Khatri Dadda is 21-year-old activist belonging to Salwan Media, a group of Saharawi media activists located in the city of Smara, in occupied Western Sahara. On 24 December 2019, Khatri was arrested due to his activism as a Saharawi activist and photographer in Smara, Western Sahara. He was later sentenced to 20 years in prison.
The arrest of Khatri Dadda is directly linked to his work as a Saharawi photographer and Saharawi human rights defender, advocating in favour of the right to self-determination for the people of Western Sahara. In fact, it has been reported by anonymous sources that the reason why Khatri was arrested by the Moroccan police and later sentenced to 20 years, is because the police believes that it was Khatri who filmed the violent arrest of journalist Walid Salek El Batal in June 2019. See the brutal video of Batal’s arrest on websites of Washington Post, Human Rights Watch, Front Line Defenders and the Organization Mondiale Contre la Torture.

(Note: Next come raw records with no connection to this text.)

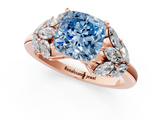 Rose gold Fancy Blue Cushion  Diamond Cluster Leaf Design Ring with Prong Setting_70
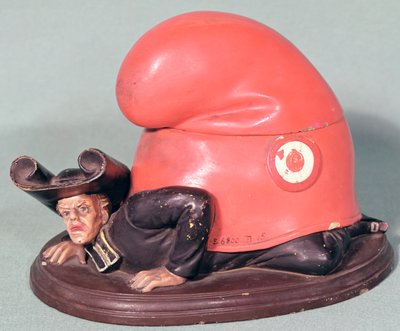 Encrier ou pot à tabac en forme de prêtre écrasé par un bonnet phrygien, 1870 - French School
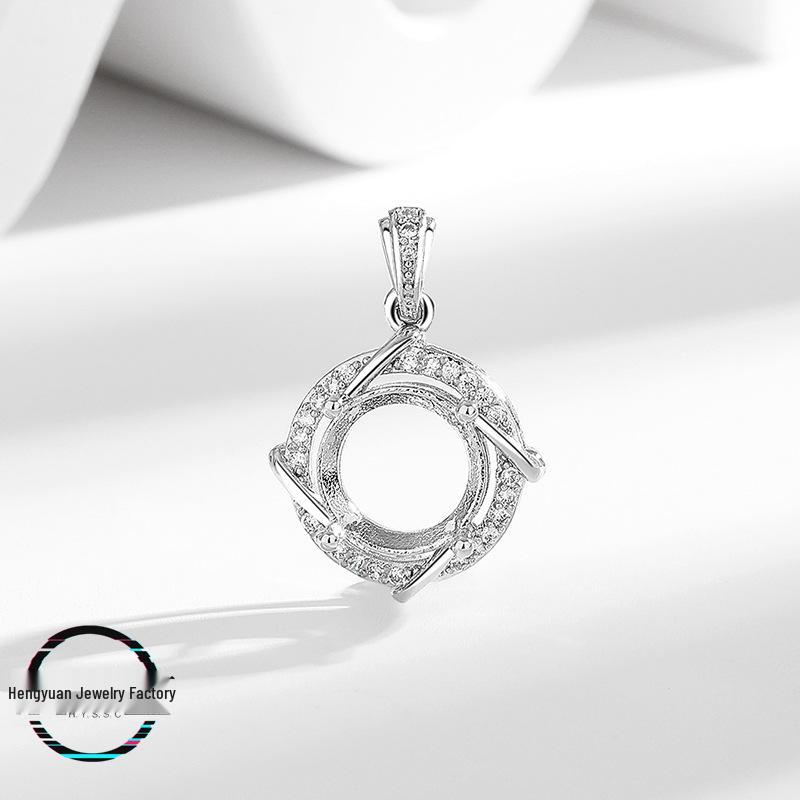 Windmill Women s Pendant Necklace with Round Huazi Diamond Cabochon in Imitation 925 Silver 8mm Round W091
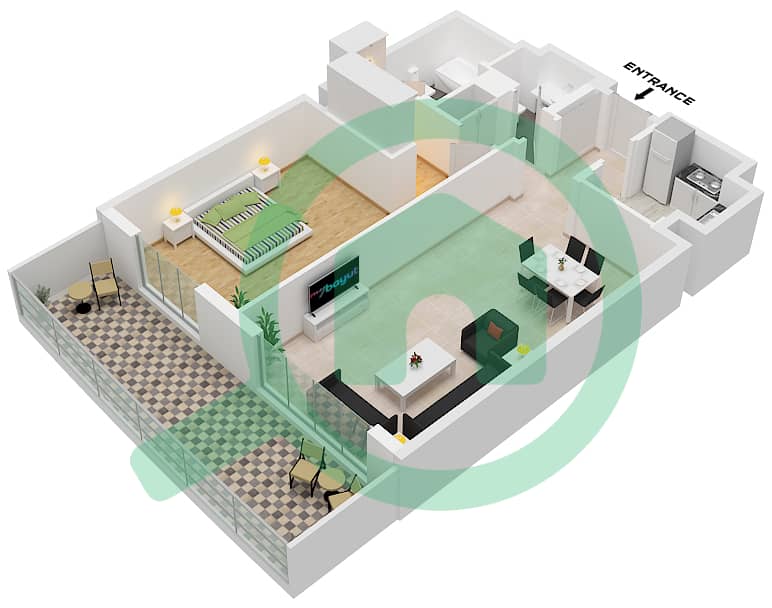 المخططات الطابقية لتصميم الوحدة 23C FLOOR GROUND شقة 1 غرفة نوم - ابراج اجوان Unit 23C Floor Ground interactive3D
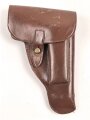 Pistolentasche braunes Leder. Keine Markierungen, Alter und Herkunft unbekannt, Höhe auf der Magazinseite gemessen 17cm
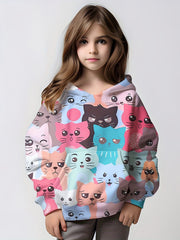 Girls' Colorful Cats Long Sleeve Hooded Sweatshirt Pullovers
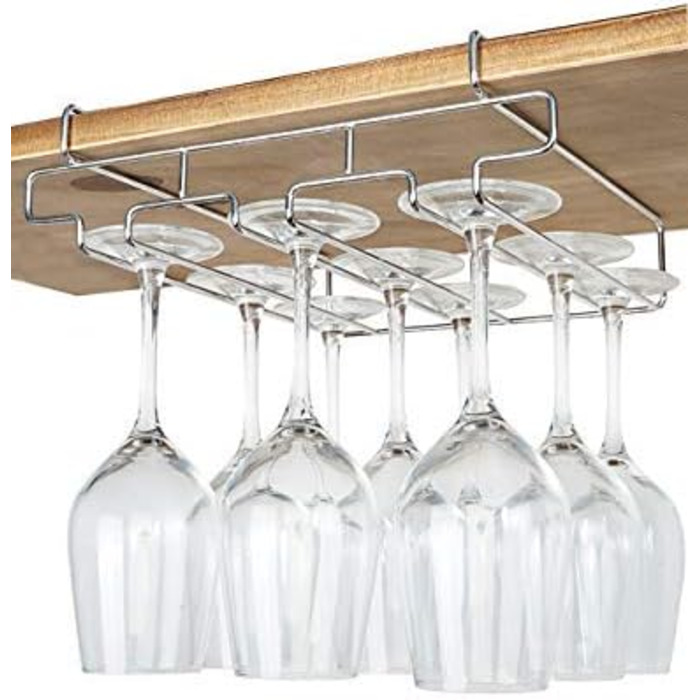 Підставка для склянок BAFVT – 2-ярусна, з нержавіючої сталі, для кріплення під шафку, органайзер для склянок (срібляста)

The excessive police violence and torture upon Batal’s arrest, was treated in a recent Urgent Appeal launched by the United Nations Special Procedures (Al Mar 5/2019). The United Nations Working Group on Arbitrary Detention has on several occasions documented the systematic persecution and political prosecution of Saharawi journalist and human rights defenders in response to their support for the right to self-determination for the people of Western Sahara.